Activity: For this exercise, print the listing below exactly, without its pictures.

START Raw data

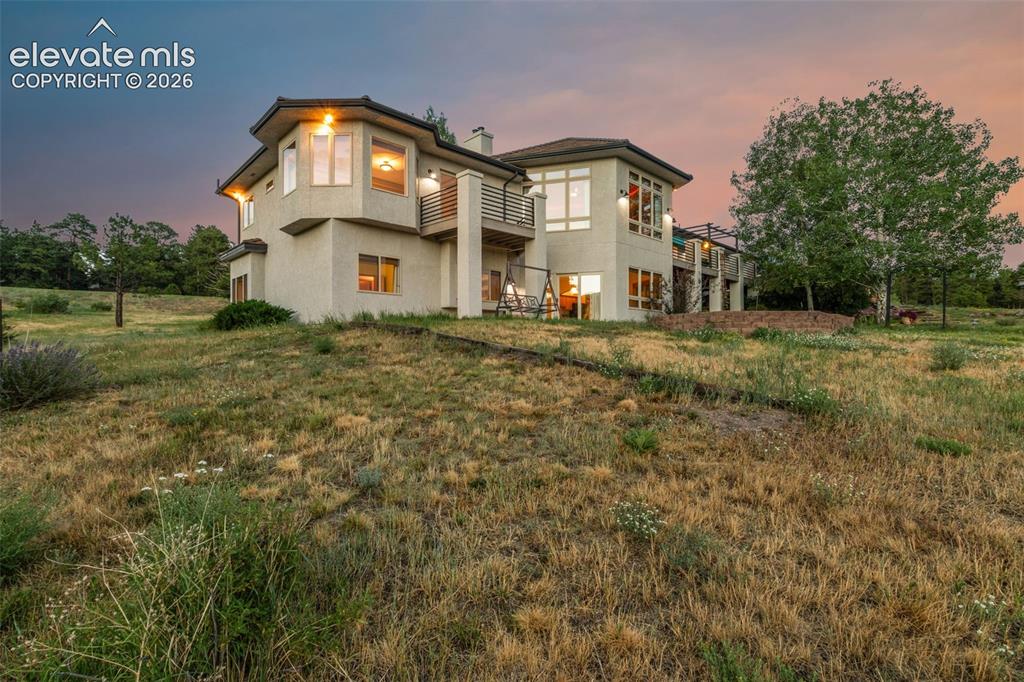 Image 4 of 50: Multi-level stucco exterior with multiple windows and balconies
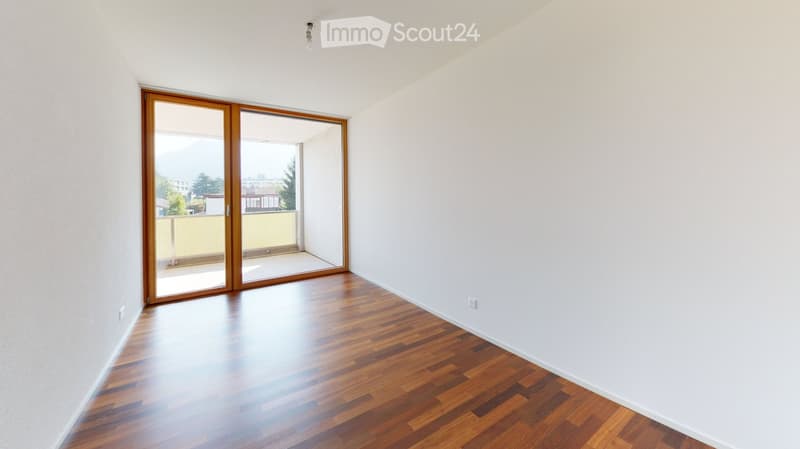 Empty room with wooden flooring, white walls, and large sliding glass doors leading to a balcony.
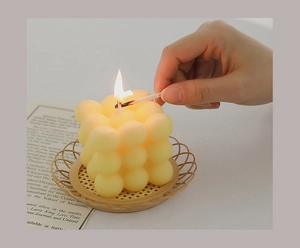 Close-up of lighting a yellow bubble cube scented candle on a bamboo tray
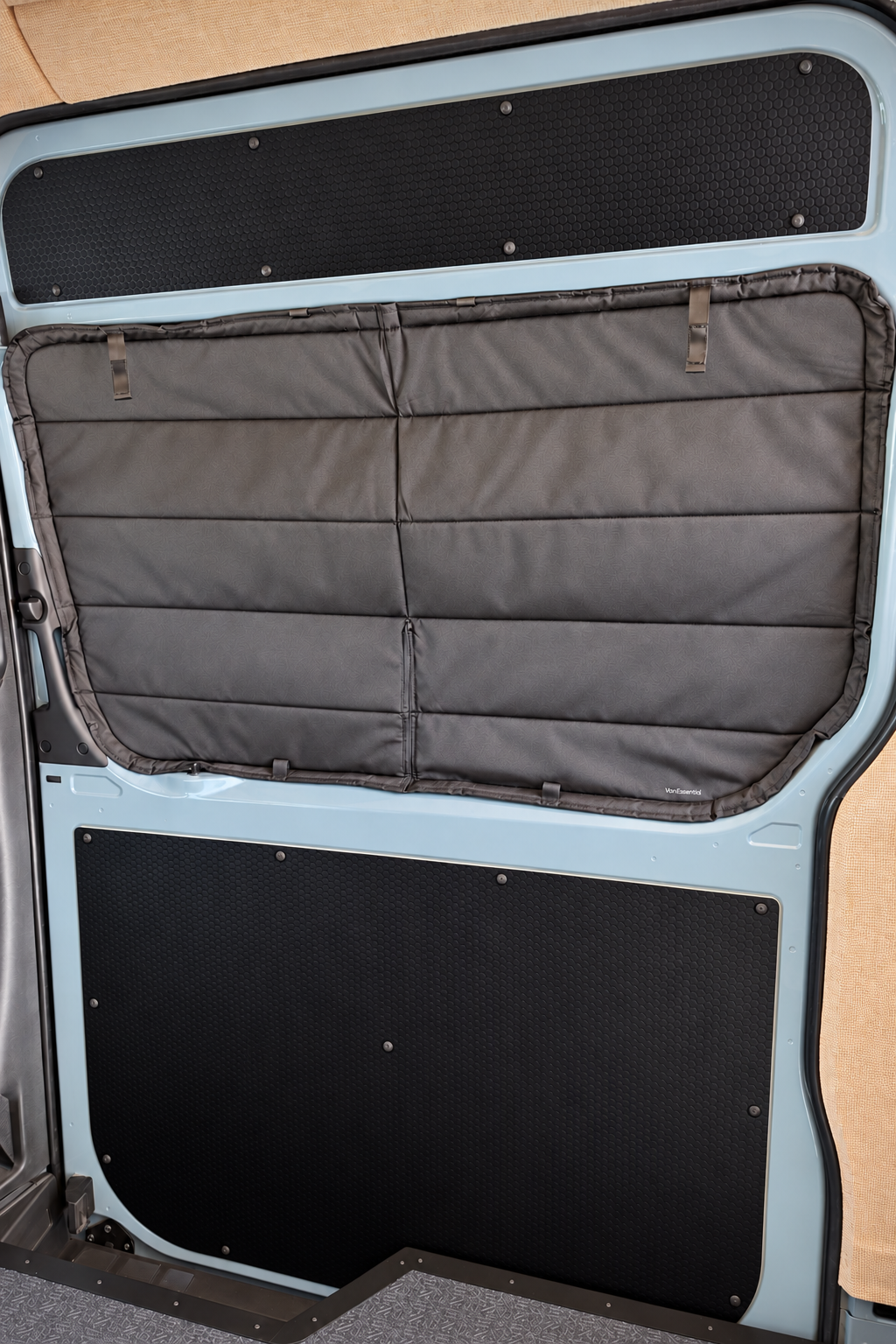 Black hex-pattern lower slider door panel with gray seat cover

END Raw data

Solution below:
 Image 4 of 50: Multi-level stucco exterior with multiple windows and balconies
 Empty room with wooden flooring, white walls, and large sliding glass doors leading to a balcony.
 Close-up of lighting a yellow bubble cube scented candle on a bamboo tray
 Black hex-pattern lower slider door panel with gray seat cover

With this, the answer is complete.